Las sociedades europeas de principios del Siglo XX se percibían a sí mismas como triunfantes. Dominaban el mundo, los avances de la ciencia eran espectaculares, en ciertos Estados estaba surgiendo una clase media cada vez más numerosa, la sociedad de consumo se imponía poco a poco, cada vez había más productos al alcance de todos. Y este exceso de confianza, esta ceguera ante los enormes problemas subyacentes fueron decisivas en la incapacidad para resolver la Crisis de Julio y evitar el estallido de la Primera Guerra Mundial.
El 29 de Julio de 1914 Austria-Hungría declaró la guerra a Serbia y con ello comenzó el conflicto armado más importante que había conocido la Historia hasta el momento. Todos creían al principio que se trataría de una guerra corta, de apenas cinco meses, en la que cada nación europea pondría de relieve su valentía y su poder, pero los vistosos uniformes y las cargas de caballería acabaron ahogados en el barro de las trincheras. La matanza fue estúpida y, si ustedes me lo permiten, inútil.
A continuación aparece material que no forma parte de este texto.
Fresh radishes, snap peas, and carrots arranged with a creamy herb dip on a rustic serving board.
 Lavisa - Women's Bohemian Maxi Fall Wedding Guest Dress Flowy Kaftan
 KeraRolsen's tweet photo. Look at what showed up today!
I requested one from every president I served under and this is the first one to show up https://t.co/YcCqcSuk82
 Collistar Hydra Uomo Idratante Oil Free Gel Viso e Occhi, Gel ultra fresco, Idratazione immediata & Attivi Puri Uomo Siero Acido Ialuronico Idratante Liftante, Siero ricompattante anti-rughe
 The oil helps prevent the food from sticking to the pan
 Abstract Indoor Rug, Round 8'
Cuando aquellos políticos con la pechera llena de medallas e insignias cayeron en la cuenta ya era demasiado tarde para retroceder; no se habían dado cuenta de que la prosperidad europea se basaba en un delicado equilibrio que hacía mucho tiempo que costaba enormes esfuerzos para ser mantenido. El sistema había prosperado tras las guerras napoleónicas y poco a poco se había impuesto el Estado de Derecho y la ciudadanía, pero ahora las ambiciones gobernaban las mentes y se lanzó alegremente a los soldados a una guerra en la que aparecieron armas nuevas y terribles, en la que quedó enterrado el romanticismo y el optimismo del Siglo XIX.
La caballería francesa es despedida en París entre vítores del público.
El conflicto se cerró en falso y abrió la puerta inmediatamente a las ideologías totalitarias, que proporcionaron a Europa un baño de sangre entre 1917 y 1945. Sus efectos se prolongaron hasta la desaparición de la Unión Soviética a finales del Siglo XX.